[[ Data for this task open ]]
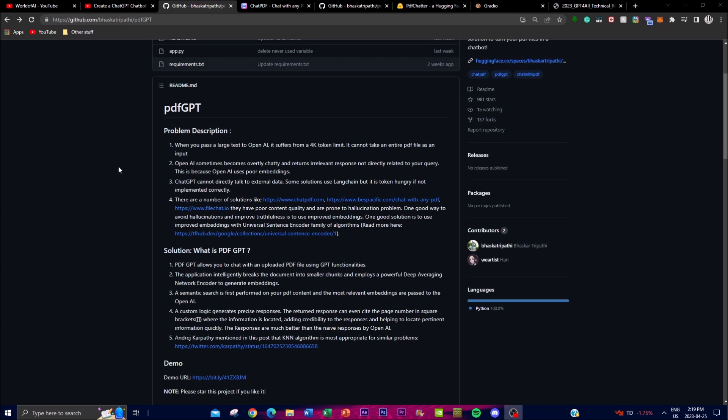Hey, what is up guys, welcome back to another YouTube video at the world of AI. Today I'm going to be showcasing PDF GPT — it's been getting a lot of different views as well as a lot of attention recently on GitHub. Basically, this is a tool that allows users to communicate with an uploaded PDF file using a GPT, and you're able to have your own chatbot communicate with this application using your different PDFs.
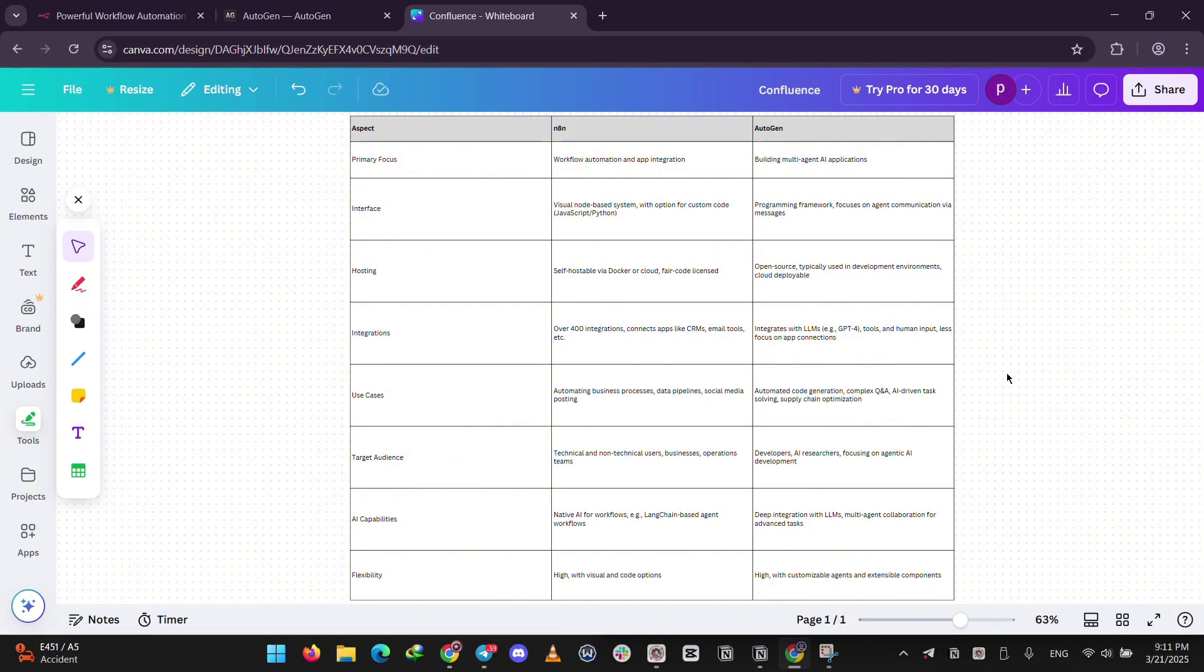But if you're into coding or AI experiments, like building a bot team to design software or optimize plans, Autogen is the winner. NA10 is about saving time on daily chores. Autogen is about pushing AI to tackle big challenges.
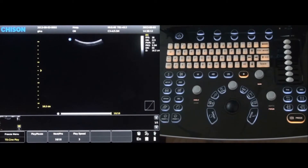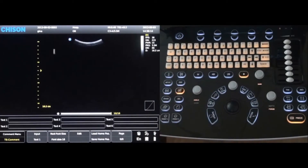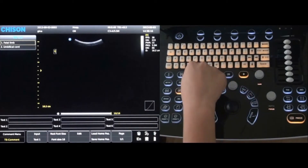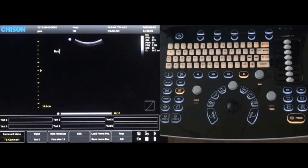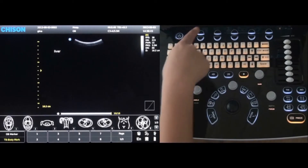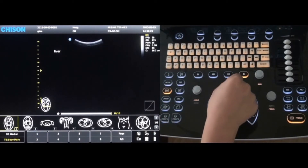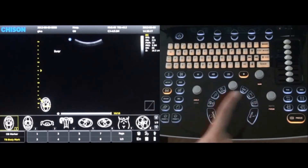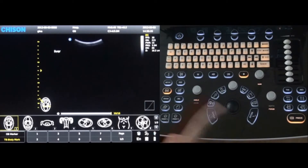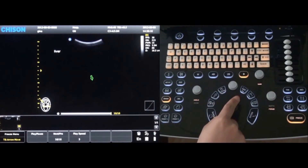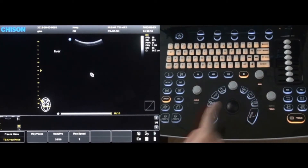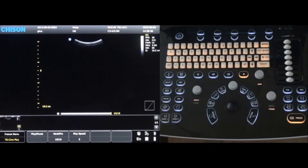Necessary comments and notations can be added to an image by pressing the comment key — simply type the comments on the keyboard and press enter. Specific body marks can also be added by pressing the body mark key and then labeled accordingly. An arrow can be added by pressing the arrow key; use the trackball to move the arrow and press enter to place it. Press the delete key to remove notations.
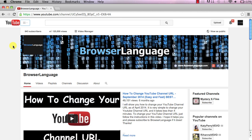Welcome to Browser Language. In this video I'm going to be showing you how to delete your YouTube viewing history.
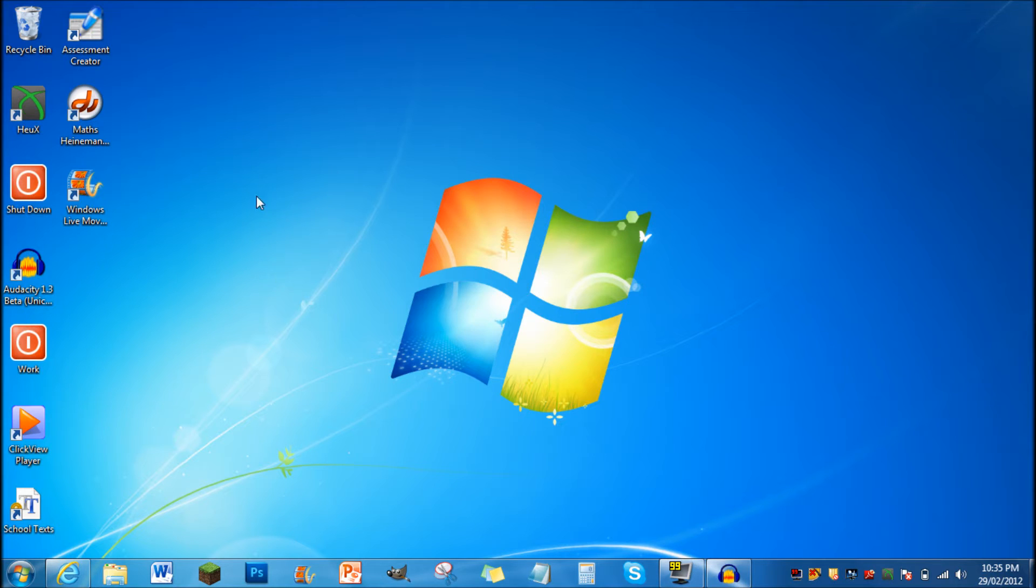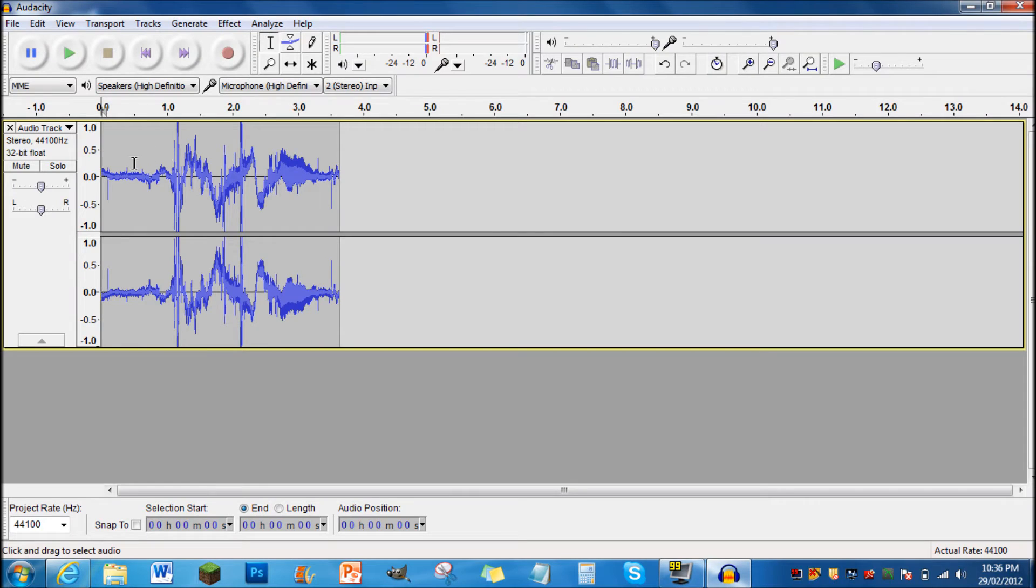So you want to open up Audacity to start with. You want to record a little bit at the start and then start talking, like you always do before you make commentary.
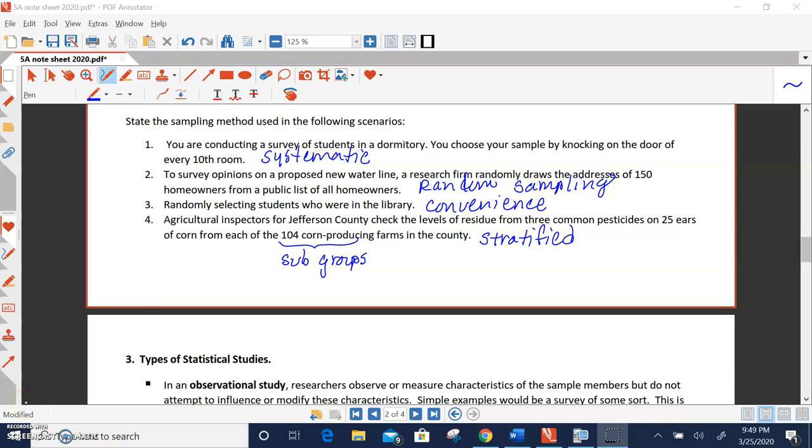Alright, let's pick up with section 5A, types of statistical studies, the fundamentals of statistics. We were looking at sampling methods, and if you choose your sample by knocking on the door of every 10th room, that's systematic. You've got a system, every 10th one.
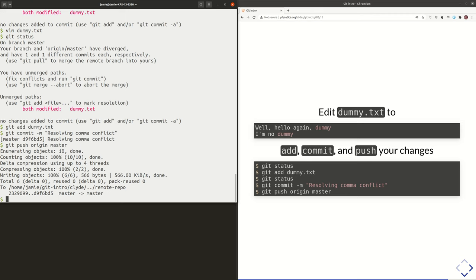What Clyde should have done is pulled before he started working, and he would have avoided that conflict. If he'd pulled, he would have gotten that new comma before he even started working. You want to pull regularly — especially if you've been away from the project for a bit and there are other people working on it. Pull before you get started, because that is going to minimize these conflicts that you have to resolve.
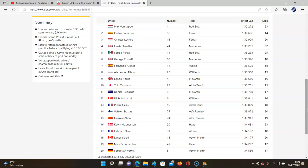Hamilton beat Perez, and it was Russell, Alonso, Albon, Norris, Tsunoda, Ricciardo, Latifi—what are you doing up there mate?—Gasly, Bottas, Zhou, Kevin Magnussen, Ocon, Stroll, Schumacher, and Vettel.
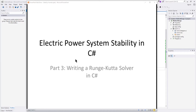This is part three in a series on electric power system stability. We're running an application in C# to simulate the response of a generator to changes in the electric power system. In the previous video, we developed a solution method using numerical methods to solve the response of a generator. We used a fairly simplified method called the modified Euler method, and in this video we're going to extend that to a more accurate and more popular method called the Runge-Kutta method.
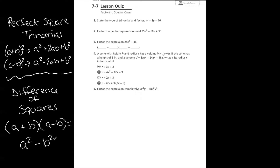Remember, difference means subtraction, so it can't be addition. You can only use difference of squares when it's subtraction, and squares refers to perfect squares. We're going to go through and I'll show you how to identify a perfect square trinomial and how to identify the difference of squares.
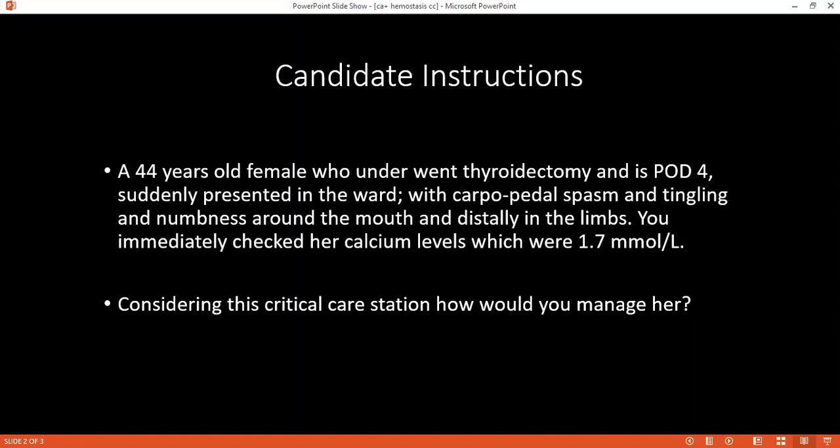Can you please tell me how does hypocalcemia cause shortness of breath? Because it leads to muscle spasms, and if it affects the respiratory muscles and the laryngeal muscles, it causes shortness of breath.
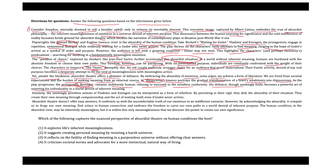Similarly, the seemingly pointless actions of Vladimir and Estragon can be interpreted as a form of rebellion. By continuing in their fruitless waiting, they defy the absurdity of their situation. They create their own meaning through companionship and the act of waiting itself, even if Godot never arrives.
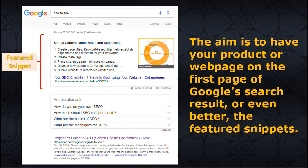The aim is to have your product or webpage on the first page of Google's search results, or even better, the featured snippets. That would mean your page is successfully optimized to grab Google's attention and put them on top of their search list. The clicks that you receive from users are all that matters — their clicks are your traffic.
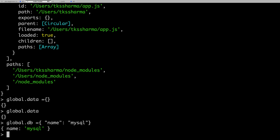So we talked about what is the global object, what is the process object, and what is the module object in Node.js. In the next example we will see how we can pass Node.js command line arguments and how we can access them in the Node.js code.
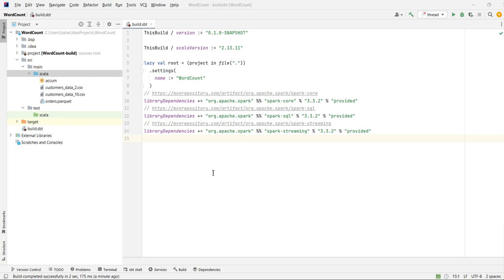Today our topic is Scala multithreading. We will discuss first what is a thread. A thread is nothing but a lightweight sub-process that occupies less memory. There are two ways to create a thread: one is by extending the Thread class, and the second one is by implementing the Runnable interface.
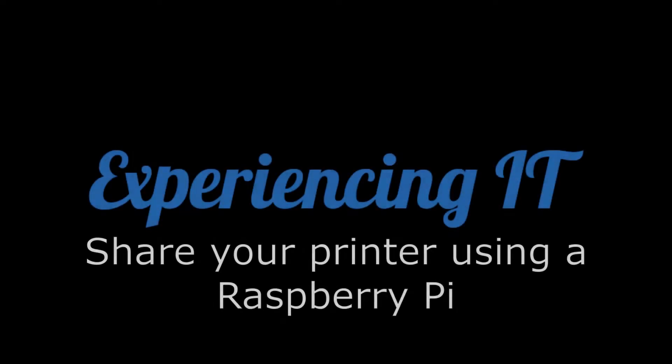Hi everyone and welcome to another Experiencing IT video. Today we are sharing our printer using a Raspberry Pi. Stay tuned.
[[ Data for this task closed ]]
* [The problem]
An exact copy of the data is required, with the pictures excluded.

* [Problem solution]
Hey, what is up guys, welcome back to another YouTube video at the world of AI. Today I'm going to be showcasing PDF GPT — it's been getting a lot of different views as well as a lot of attention recently on GitHub. Basically, this is a tool that allows users to communicate with an uploaded PDF file using a GPT, and you're able to have your own chatbot communicate with this application using your different PDFs.
But if you're into coding or AI experiments, like building a bot team to design software or optimize plans, Autogen is the winner. NA10 is about saving time on daily chores. Autogen is about pushing AI to tackle big challenges.
Necessary comments and notations can be added to an image by pressing the comment key — simply type the comments on the keyboard and press enter. Specific body marks can also be added by pressing the body mark key and then labeled accordingly. An arrow can be added by pressing the arrow key; use the trackball to move the arrow and press enter to place it. Press the delete key to remove notations.
Welcome to Browser Language. In this video I'm going to be showing you how to delete your YouTube viewing history.
So you want to open up Audacity to start with. You want to record a little bit at the start and then start talking, like you always do before you make commentary.
Alright, let's pick up with section 5A, types of statistical studies, the fundamentals of statistics. We were looking at sampling methods, and if you choose your sample by knocking on the door of every 10th room, that's systematic. You've got a system, every 10th one.
What Clyde should have done is pulled before he started working, and he would have avoided that conflict. If he'd pulled, he would have gotten that new comma before he even started working. You want to pull regularly — especially if you've been away from the project for a bit and there are other people working on it. Pull before you get started, because that is going to minimize these conflicts that you have to resolve.
Hamilton beat Perez, and it was Russell, Alonso, Albon, Norris, Tsunoda, Ricciardo, Latifi—what are you doing up there mate?—Gasly, Bottas, Zhou, Kevin Magnussen, Ocon, Stroll, Schumacher, and Vettel.
This is part three in a series on electric power system stability. We're running an application in C# to simulate the response of a generator to changes in the electric power system. In the previous video, we developed a solution method using numerical methods to solve the response of a generator. We used a fairly simplified method called the modified Euler method, and in this video we're going to extend that to a more accurate and more popular method called the Runge-Kutta method.
Remember, difference means subtraction, so it can't be addition. You can only use difference of squares when it's subtraction, and squares refers to perfect squares. We're going to go through and I'll show you how to identify a perfect square trinomial and how to identify the difference of squares.
Can you please tell me how does hypocalcemia cause shortness of breath? Because it leads to muscle spasms, and if it affects the respiratory muscles and the laryngeal muscles, it causes shortness of breath.
Similarly, the seemingly pointless actions of Vladimir and Estragon can be interpreted as a form of rebellion. By continuing in their fruitless waiting, they defy the absurdity of their situation. They create their own meaning through companionship and the act of waiting itself, even if Godot never arrives.
The aim is to have your product or webpage on the first page of Google's search results, or even better, the featured snippets. That would mean your page is successfully optimized to grab Google's attention and put them on top of their search list. The clicks that you receive from users are all that matters — their clicks are your traffic.
So we talked about what is the global object, what is the process object, and what is the module object in Node.js. In the next example we will see how we can pass Node.js command line arguments and how we can access them in the Node.js code.
Today our topic is Scala multithreading. We will discuss first what is a thread. A thread is nothing but a lightweight sub-process that occupies less memory. There are two ways to create a thread: one is by extending the Thread class, and the second one is by implementing the Runnable interface.
Hi everyone and welcome to another Experiencing IT video. Today we are sharing our printer using a Raspberry Pi. Stay tuned.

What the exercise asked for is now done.